I’m cooking Irish Stew for dinner tonight.  Marty loves this though he has annoyed me before by suggesting that it’s an easy option for dinner.  The problem lies with the word “easy”.  It’s true that there are no advanced cooking techniques required but it just took me an hour and half to get it to the stage where everything is in the stew pot.  In about another hour and a half it will be ready to eat.  That’s not my idea of an easy dinner.
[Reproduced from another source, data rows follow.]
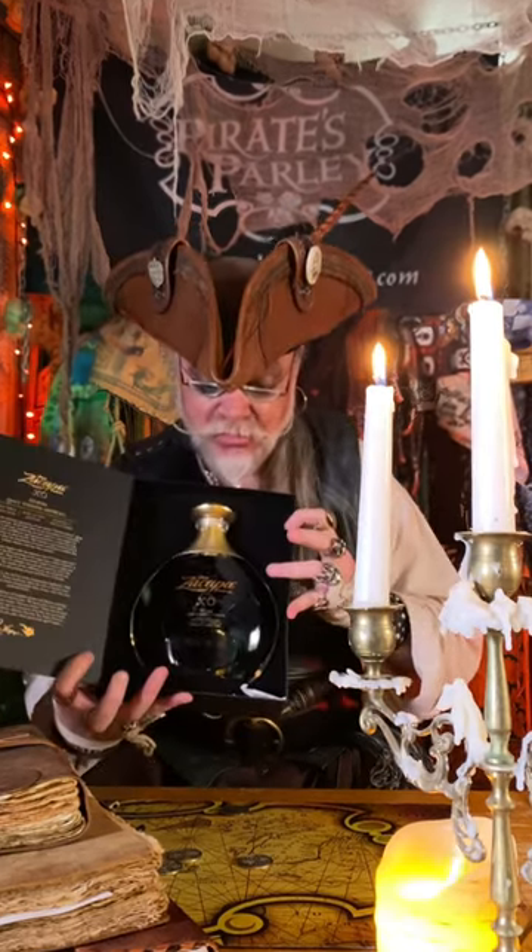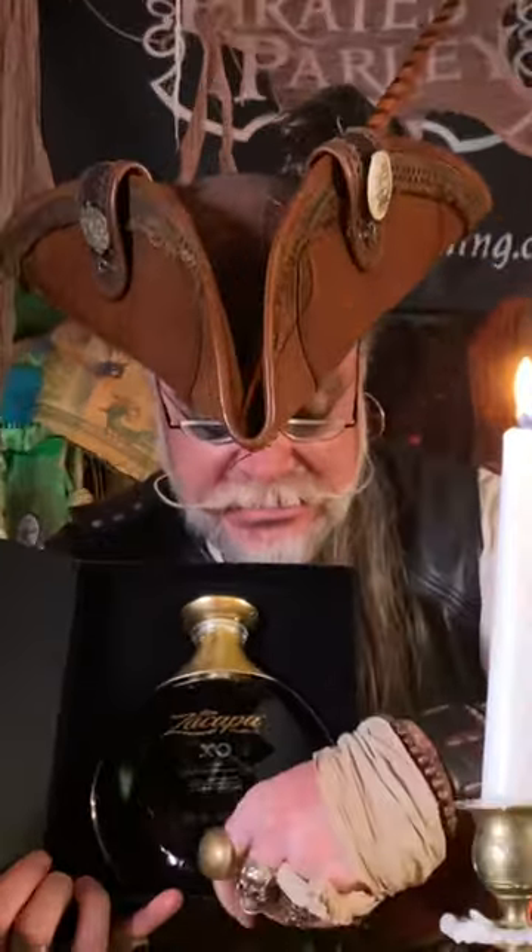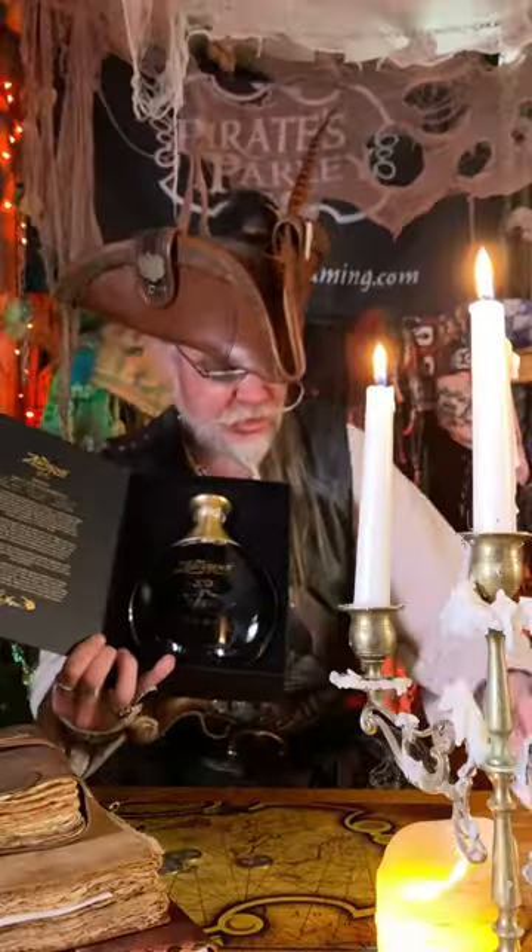It's got a little magnetic clasp, and inside — look at that — silica packets. Well, that's a neat bottle, wouldn't you say?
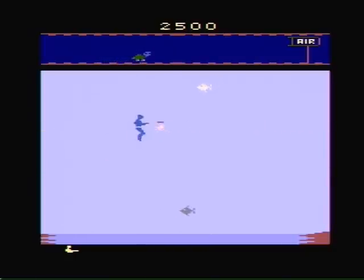My other complaint about this game is you have to be lined up perfectly with the fish to shoot it, or you will die, so because of this you will avoid them at all costs.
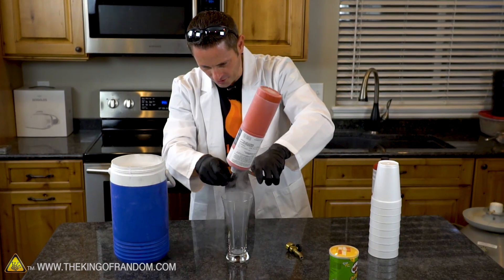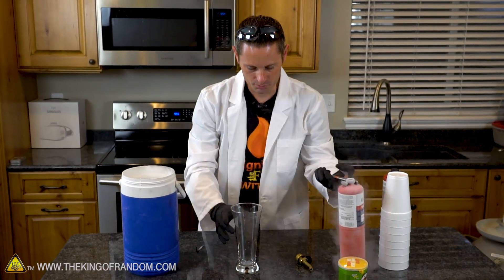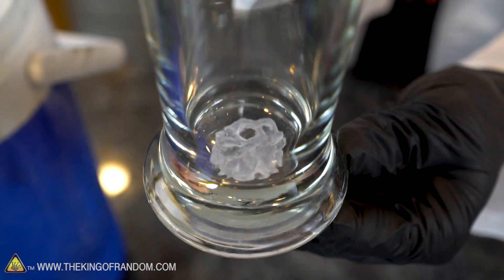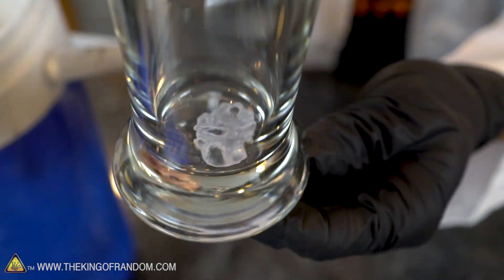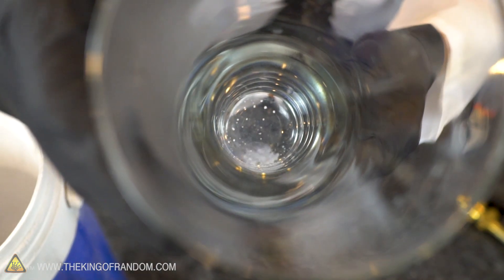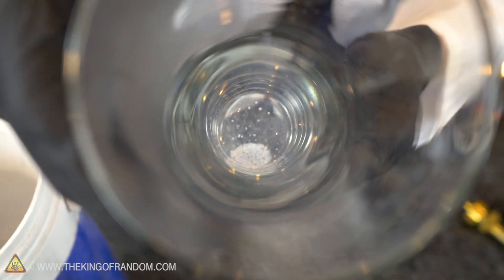We are in fact getting liquid oxygen - it's not much, but hold it up here maybe you could see it better. I think that's about all we're going to get - this bottle is completely empty now. But check it out, we did manage to get a little bit of liquid oxygen. Right down there in the bottom boiling away is a little bit of what I think is liquid oxygen. And it's gone.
Yesterday evening I got out one of my new knitting books, Victorian Lace Today, as I was keen to try out some of the beautiful patterns it contains.  I decided to start with something marked as an “intermediate” pattern.  After about two hours I decided that it was too difficult and I would start with something marked “easy”.  I have knit expert patterns before and I have also knit lace before so I was surprised that I was having such difficultly.  But then the word easy doesn’t really tell me very much.

The lace I’m knitting, just like the food, doesn’t contain advanced techniques.  It does, however, involve concentration and precision.  If every stitch needs to be perfect is the pattern really easy?  And when I say it doesn’t contain advanced techniques I suppose that depends on who you ask.  I know quite a few knitters who wouldn’t have a clue how to knit the lace as it involves stitches that are not taught to beginners and you have to know how to read a lace chart.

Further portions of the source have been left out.